■ **What to do**: In the copy of these records, include no pictures and change nothing else.

■ **Records for the task**:
- - - - -

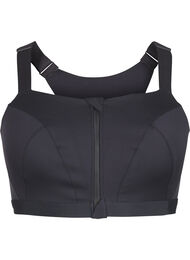 Sports bra with a front closure and high support, Black, Packshot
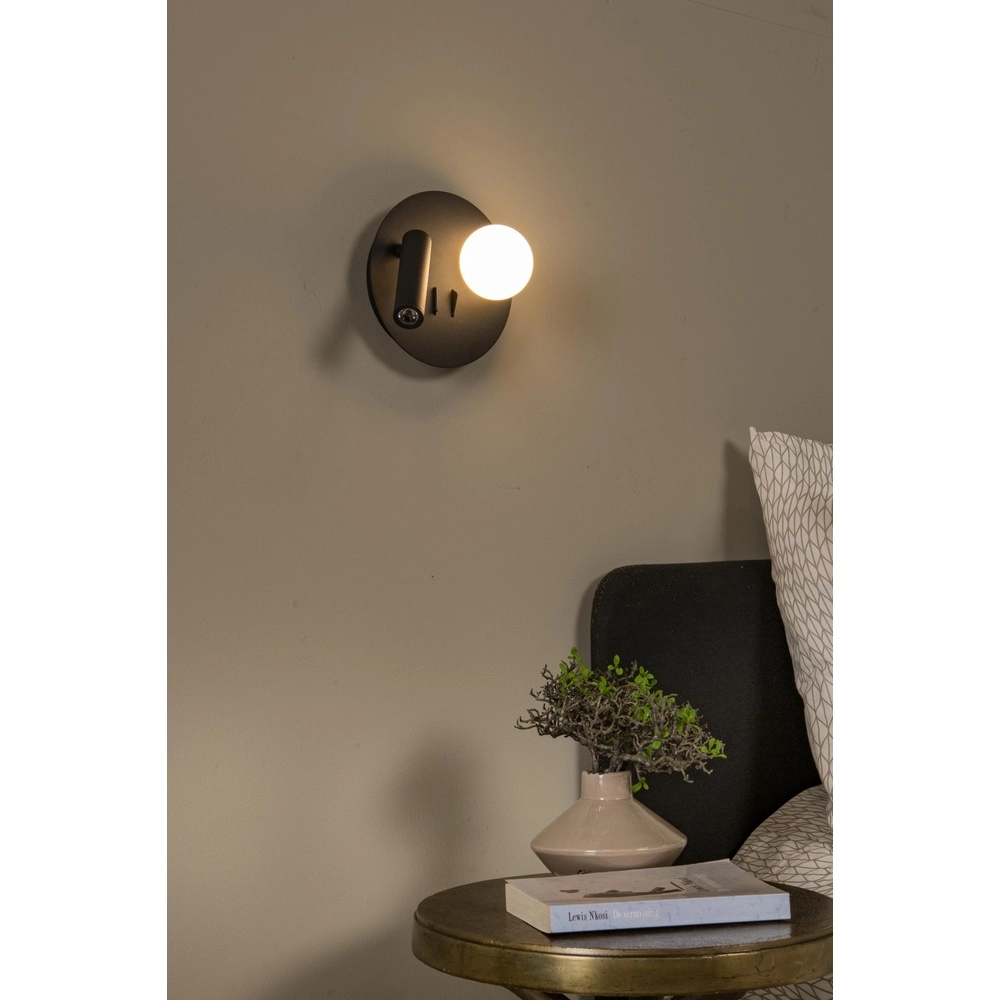 Design bedlampje Matiz zwart met USB oplaadpunt Lucide 5411212771322
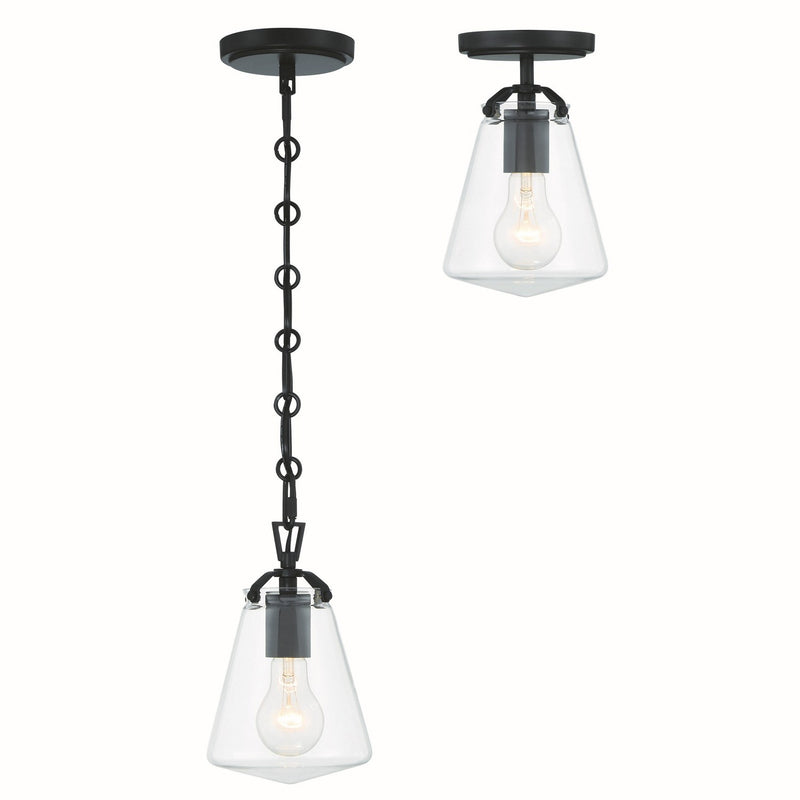 Voss 1 Light 5.75" Pendant in Matte Black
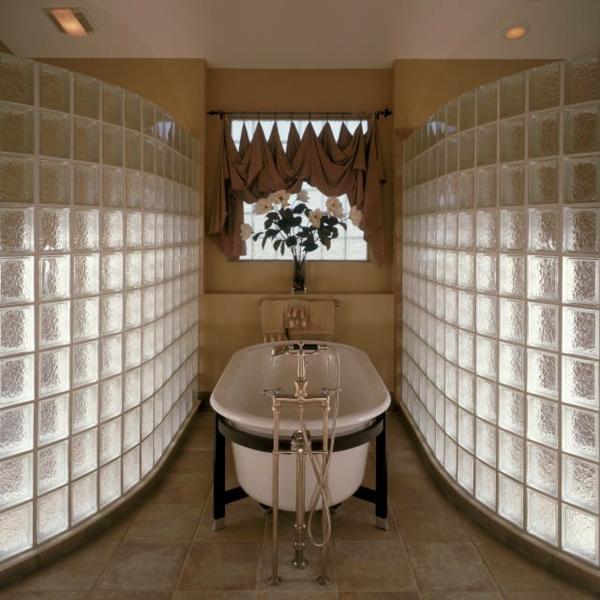 Los ladrillos de vidrio-muy-moderna para-ducha-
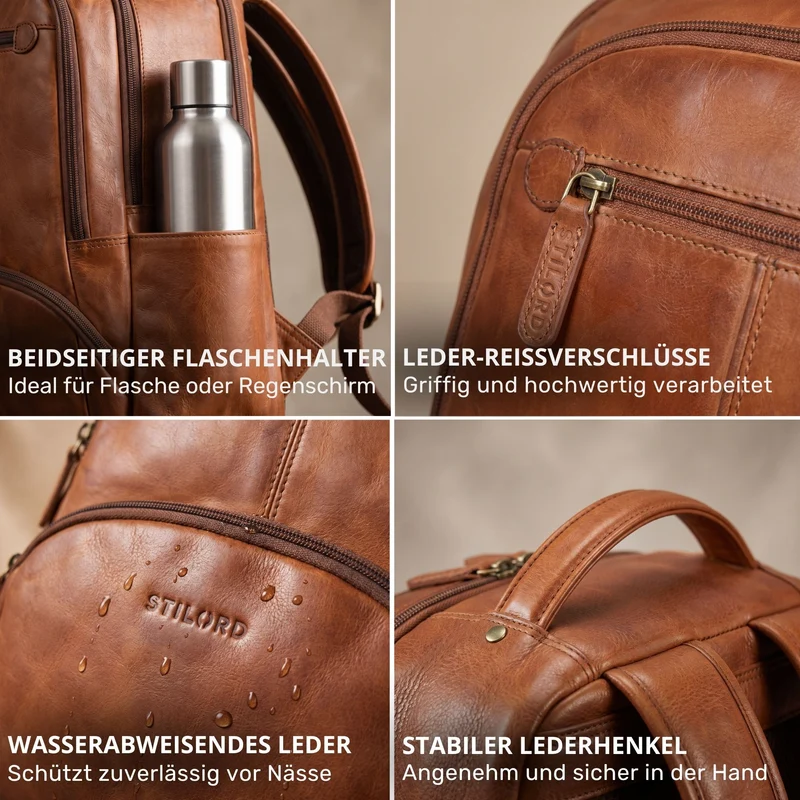 "Aljoscha" Leder Rucksack Herren Groß 15,6 - 17,3 Zoll mit Tabletfach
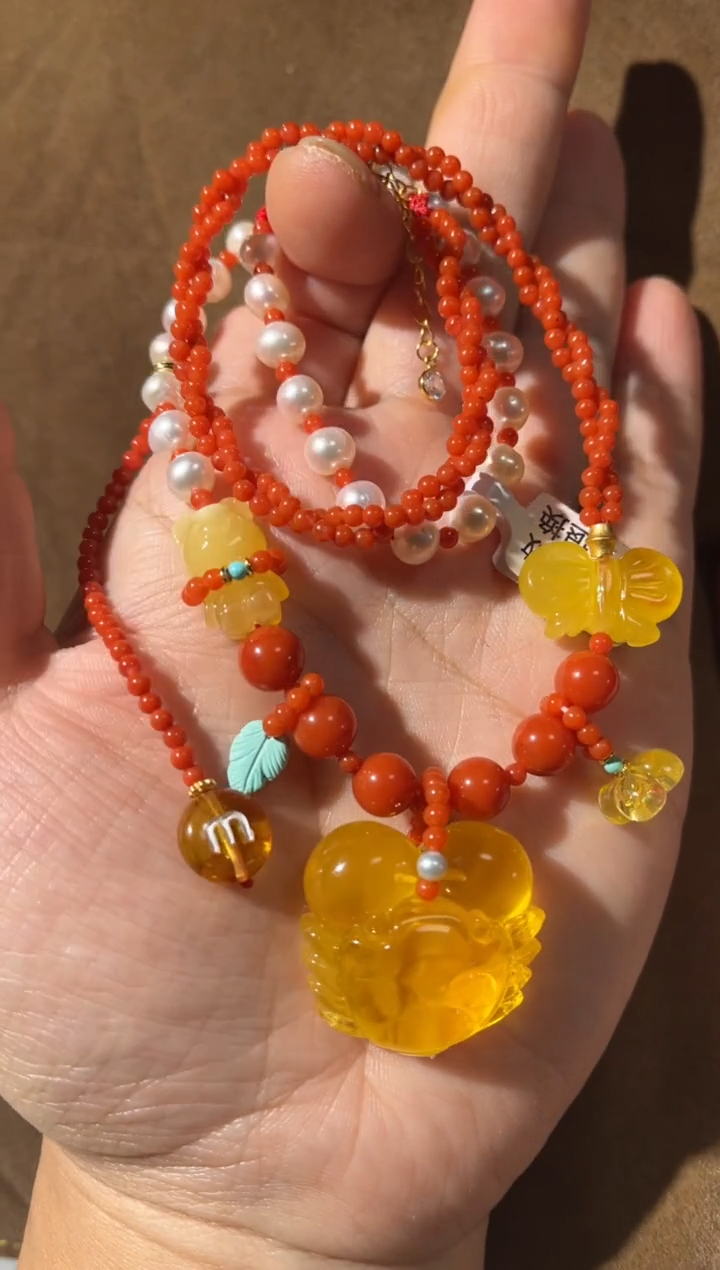 【闪购商品】琥珀项链未镶嵌琥珀螃蟹项链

- - - - -

■ **The completed task**:
 Sports bra with a front closure and high support, Black, Packshot
 Design bedlampje Matiz zwart met USB oplaadpunt Lucide 5411212771322
 Voss 1 Light 5.75" Pendant in Matte Black
 Los ladrillos de vidrio-muy-moderna para-ducha-
 "Aljoscha" Leder Rucksack Herren Groß 15,6 - 17,3 Zoll mit Tabletfach
 【闪购商品】琥珀项链未镶嵌琥珀螃蟹项链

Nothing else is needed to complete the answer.